Indemnification contribution rates of 14.8%, 16%, and 4.5% would cover 75% of employees who were covered by each of these plan types, respectively.
If the assumed rate of return is lower, more additional savings would be needed to make up for lost accruals from a frozen DB plan. According to the study, assuming a 4% rate of return, the contribution indemnification rate increases to 11.6% for those who were covered by a career-average DB plan, and 13.5% for those who were covered by a final-salary DB plan. To cover 75% of employees in these types of plans, rates of 18.8% and 21% would be needed, respectively.
The study results show that, not surprisingly, pension plan freezes have a greater negative financial impact on older workers than younger ones, since older workers have less time to save to make up for lost accruals. The median contribution indemnification rates ignore the impact of age for the DB participant. Using the 4% assumed rate of return, for example, the median contribution indemnification rate is 5.1% for those in the 30-34 age range who were covered by a career-average DB plan. This jumps up to 20.1% for workers age 60-64. For final-salary plans the rate jumps from 3.9% to 22.4% for these age groups.
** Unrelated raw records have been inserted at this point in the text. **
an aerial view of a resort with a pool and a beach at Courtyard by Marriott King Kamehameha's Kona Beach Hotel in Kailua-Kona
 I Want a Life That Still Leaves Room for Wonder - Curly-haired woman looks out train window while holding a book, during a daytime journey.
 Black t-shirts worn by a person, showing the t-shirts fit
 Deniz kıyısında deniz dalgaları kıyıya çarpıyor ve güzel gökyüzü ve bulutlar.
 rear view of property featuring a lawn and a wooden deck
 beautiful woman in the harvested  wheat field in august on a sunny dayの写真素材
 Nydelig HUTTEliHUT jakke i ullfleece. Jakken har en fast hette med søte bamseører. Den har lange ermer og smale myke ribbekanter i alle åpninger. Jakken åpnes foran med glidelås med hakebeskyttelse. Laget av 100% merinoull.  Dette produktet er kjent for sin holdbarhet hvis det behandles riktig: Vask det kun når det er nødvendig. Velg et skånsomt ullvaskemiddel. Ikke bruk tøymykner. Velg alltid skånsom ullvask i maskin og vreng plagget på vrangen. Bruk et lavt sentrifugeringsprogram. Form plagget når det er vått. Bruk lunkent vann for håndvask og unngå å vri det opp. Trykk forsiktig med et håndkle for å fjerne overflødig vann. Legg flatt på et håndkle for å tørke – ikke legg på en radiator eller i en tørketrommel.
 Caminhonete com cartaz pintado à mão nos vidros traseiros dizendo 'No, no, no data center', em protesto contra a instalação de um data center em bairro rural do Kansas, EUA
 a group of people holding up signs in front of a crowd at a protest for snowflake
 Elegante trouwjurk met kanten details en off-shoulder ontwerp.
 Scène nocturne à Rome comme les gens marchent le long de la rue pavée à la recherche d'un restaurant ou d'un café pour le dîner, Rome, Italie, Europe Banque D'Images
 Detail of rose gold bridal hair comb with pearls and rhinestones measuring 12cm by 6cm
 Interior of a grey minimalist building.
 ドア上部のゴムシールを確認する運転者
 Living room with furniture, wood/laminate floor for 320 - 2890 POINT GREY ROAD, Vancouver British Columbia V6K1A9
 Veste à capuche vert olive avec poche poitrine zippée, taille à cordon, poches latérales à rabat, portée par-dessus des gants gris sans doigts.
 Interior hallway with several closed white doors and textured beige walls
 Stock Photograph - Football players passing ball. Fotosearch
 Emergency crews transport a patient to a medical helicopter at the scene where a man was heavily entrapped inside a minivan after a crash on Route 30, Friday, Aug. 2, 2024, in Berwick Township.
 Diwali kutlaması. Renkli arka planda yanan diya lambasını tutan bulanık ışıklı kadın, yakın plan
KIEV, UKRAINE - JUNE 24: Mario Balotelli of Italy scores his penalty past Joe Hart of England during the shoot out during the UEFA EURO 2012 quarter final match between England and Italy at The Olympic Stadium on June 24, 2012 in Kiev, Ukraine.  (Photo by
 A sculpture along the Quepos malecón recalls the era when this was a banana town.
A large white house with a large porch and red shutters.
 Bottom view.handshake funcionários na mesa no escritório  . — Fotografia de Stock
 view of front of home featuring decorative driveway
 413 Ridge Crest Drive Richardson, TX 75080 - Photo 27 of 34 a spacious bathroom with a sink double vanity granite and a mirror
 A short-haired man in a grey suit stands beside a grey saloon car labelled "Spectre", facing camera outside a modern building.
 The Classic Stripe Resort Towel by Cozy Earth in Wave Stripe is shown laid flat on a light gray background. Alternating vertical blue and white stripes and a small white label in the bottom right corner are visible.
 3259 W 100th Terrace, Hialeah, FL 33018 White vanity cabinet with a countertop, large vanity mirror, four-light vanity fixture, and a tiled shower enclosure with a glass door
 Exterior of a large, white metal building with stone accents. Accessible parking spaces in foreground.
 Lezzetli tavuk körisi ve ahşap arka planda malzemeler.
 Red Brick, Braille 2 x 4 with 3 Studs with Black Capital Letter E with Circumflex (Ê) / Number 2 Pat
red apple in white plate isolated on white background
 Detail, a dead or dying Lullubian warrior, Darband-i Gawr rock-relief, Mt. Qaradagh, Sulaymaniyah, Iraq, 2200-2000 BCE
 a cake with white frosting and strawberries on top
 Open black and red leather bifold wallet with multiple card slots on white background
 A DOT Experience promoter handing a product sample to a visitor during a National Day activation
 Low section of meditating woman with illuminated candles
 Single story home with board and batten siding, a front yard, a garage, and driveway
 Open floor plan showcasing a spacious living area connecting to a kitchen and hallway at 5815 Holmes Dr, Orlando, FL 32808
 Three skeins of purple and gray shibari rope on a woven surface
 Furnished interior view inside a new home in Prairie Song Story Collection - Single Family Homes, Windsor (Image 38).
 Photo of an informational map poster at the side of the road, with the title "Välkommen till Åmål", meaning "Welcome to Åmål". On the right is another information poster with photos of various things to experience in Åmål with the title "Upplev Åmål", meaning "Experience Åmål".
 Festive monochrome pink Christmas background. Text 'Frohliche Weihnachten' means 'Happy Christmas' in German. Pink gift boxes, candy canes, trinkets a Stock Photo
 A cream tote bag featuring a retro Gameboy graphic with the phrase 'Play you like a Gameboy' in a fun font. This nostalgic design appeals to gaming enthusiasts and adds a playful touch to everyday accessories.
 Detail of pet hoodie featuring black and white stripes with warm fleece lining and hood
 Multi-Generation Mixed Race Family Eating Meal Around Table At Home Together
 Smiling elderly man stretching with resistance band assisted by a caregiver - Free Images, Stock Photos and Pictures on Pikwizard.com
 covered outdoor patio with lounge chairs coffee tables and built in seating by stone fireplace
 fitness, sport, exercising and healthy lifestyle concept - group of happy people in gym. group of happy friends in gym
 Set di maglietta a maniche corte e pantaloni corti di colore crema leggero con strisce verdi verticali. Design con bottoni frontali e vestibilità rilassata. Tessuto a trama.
The author of the study, Jack VanDerhei, from Temple University and an EBRI fellow, points out that many factors influence the actual additional compensation needed to replace lost accruals from a frozen DB plan. Factors such as employee tenure with the employer, employee wages, and specific plan provisions will all cause the indemnification rate to vary.
The recent onslaught of pension plan freezes by General Motors (See GM Unveils Finalized Pension Restructuring ) and other companies (See Two More Companies Join DB Plan Freezing List ) make this seem like a recent trend. However, according to the study, freezing pension plan is not new. An analysis from the Pension Benefit Guaranty Corporation (PBGC) revealed that 9.4% of private-sector DB plans were already frozen in 2003 (See PBGC Reports Pension Plan Exodus Overstated). According to the EBRI study, between 1975 and 2004, 3,400 underfunded DB plans were terminated, and 165,000 adequately funded DB plans were terminated.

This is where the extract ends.